Photography by Nathalie Marquez Courtney, courtesy of Coffeewerk + Press, except where noted.
Above: The small coffee shop on the first floor serves elaborate, almost scientific pour-overs, in partnership with roasters such as Denmark’s Coffee Collective, from behind French oak and steel cabinets. “Everything was custom made,” Ulrichs says. “I wanted to create a space that was unique and inviting to people from all walks of life.”
Above: Coffeewerk is an ideal haven for a cup of coffee—or tea—on a rainy day. The copper dripper is by Kalita in collaboration with Tsubame.
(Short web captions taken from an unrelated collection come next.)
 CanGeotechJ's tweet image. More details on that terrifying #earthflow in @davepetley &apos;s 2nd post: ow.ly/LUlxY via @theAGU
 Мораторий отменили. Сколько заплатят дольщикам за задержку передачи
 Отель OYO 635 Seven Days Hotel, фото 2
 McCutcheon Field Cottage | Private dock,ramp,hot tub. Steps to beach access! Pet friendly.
Above: The cafe offers a hint at the design shop hidden above. Tucked on the top shelf is a cornflower-blue tallow candle by Netherlands design company Ontwerpduo, a pair of felted slippers from Glerups, and sculptural hourglasses from Hay. Artists’ work sold in the third-floor gallery is available in postcard format.
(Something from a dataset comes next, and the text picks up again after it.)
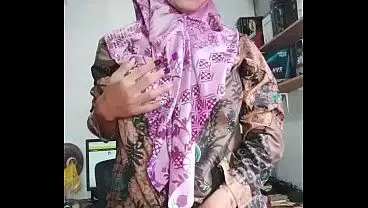 Massive Boobs Hijab Shemale Jerks Off Her Dick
Above: Follow a winding staircase at the back of the cafe and you’ll find yourself in the design shop. In one corner, the original walls were left exposed; wooden storage benches provide a quiet place to read design magazines.
Above: Desk supplies and sewing scissors by Merchant & Mills are, like many objects in the shop, utilitarian but beautifully designed. Photograph by Annie Quigley.
Above: The third floor is a quiet art gallery. Vintage Ercol armchairs flank the original fireplace; a stretch of unpainted wood flooring is a quirky detail. Photograph by Annie Quigley.
Above: The gallery is a bright, quiet space above busy Quay Street. The mobile is by Flensted.
Above: Coffeewerk originally began as a publisher of local artists’ work; the third floor is now dedicated to art prints, like this mushroom illustration (top left) by local Irish artist Jane Carkill. Photograph by Annie Quigley.